Mr Manale replied that a large amount of money had been allocated to get rid of the backlog. Applications received before 3 July 2006 were governed by the old regulations while applications received after that date would be governed by the new regulations.

The Chairperson asked if the shorter timeframe had been tested and reviewed by the stakeholders. He also asked if DEAT had compared the South African system with countries of similar development.

Mr Manale said the stakeholders were positive about the new regulations. The process started in 2000 and DEAT had bent over backwards to meet every need. It was however not possible to satisfy every need 100%. The authorities had more power over these issues than most countries, even industrialised countries. The authorities had more power than needed and he questioned the absolute regional power which gave authorities power to delay the process over motives that were not environmental.

Mr Kalako found the issue of authorities’ powers interesting. He noted that white males dominated the industry and asked about any changes. He also asked if there was a list of all people involved in EIAs.

Mr Manale said that he might have overstepped his mandate when commenting on the extent of government’s power. Young people had problems finding jobs. Often the government was the only one willing to train them but it was a problem that they often lost them to business after the training period. On 5 September 1997 less than 10 people were involved in EIAs. The recent development had created wonderful job opportunities and hundreds of people had moved into the still growing market. Environmental management frameworks (EMF) should identify areas of concern for instance endangered species, scenery etc. to make the process easier.

Ms Chalmers asked how the independence of the practitioners could be ensured.

Mr Manale agreed that the issue of independence was difficult but they tried to ensure independence. The Minister had for instance intervened in an instance where a practitioner was clearly not independent.

Mr Ntuli asked if the timeframes had been through practical testing.

Mr Manale replied that they had not been through practical training. The different spheres of government should cooperate to avoid chaos in the first months of use. When the structures were in place they would be able to meet the deadlines.

National Environmental Management: Biodiversity Act, 2004 (NEMBA) presentation
Mr P Botha (DEAT delegate) gave the presentation, which concerned:

-threatened and protected species regulations
-hunting norms and standards
-frequently asked questions
-the way forward

He added that the hunting industry was big and important to the economy. The industry must however be regulated and its image must change.



The Chairperson noted that the timeframe for discussion was 20 minutes.

Mr Morgan noted that the regulations were good but that implementation in the provinces was lacking and inconsistent, and asked what would be done to ensure correct implementation in the provinces.

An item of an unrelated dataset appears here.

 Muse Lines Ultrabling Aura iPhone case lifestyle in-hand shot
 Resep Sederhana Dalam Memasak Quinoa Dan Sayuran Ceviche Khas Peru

He was also concerned about what would happen to predators in captive breeding when that type of hunt was banned.

Ms L Sello (DEAT delegate) said there would be a workshop in July regarding the implementation of the legislation in the provinces. 2500 predators were currently in captive breeding. A two-year rehabilitation process was planned before the animals were freed.

Ms Chalmers asked why certain farms received exemptions.

Mr Botha responded that the farms could get exemptions if they fulfilled certain conditions regarding, for instance, fencing. Under the new regulations exempted farms must still apply for hunting permits.

Mr Rasmeni commented on the high number of private farms and asked for a clinical examination of communities’ claims over these farms. He also asked about mechanisms for empowerment.

Mr Combrinck and the Chairperson raised the issue of native populations’ hunting traditions and the prohibition on hunting with bows and dogs.

Mr Botha answered that the department would look into this issue.

Adoption of programme for the third term
The Committee’s programme for the third term of the 2006 parliamentary session was adopted.

Meeting adjourned.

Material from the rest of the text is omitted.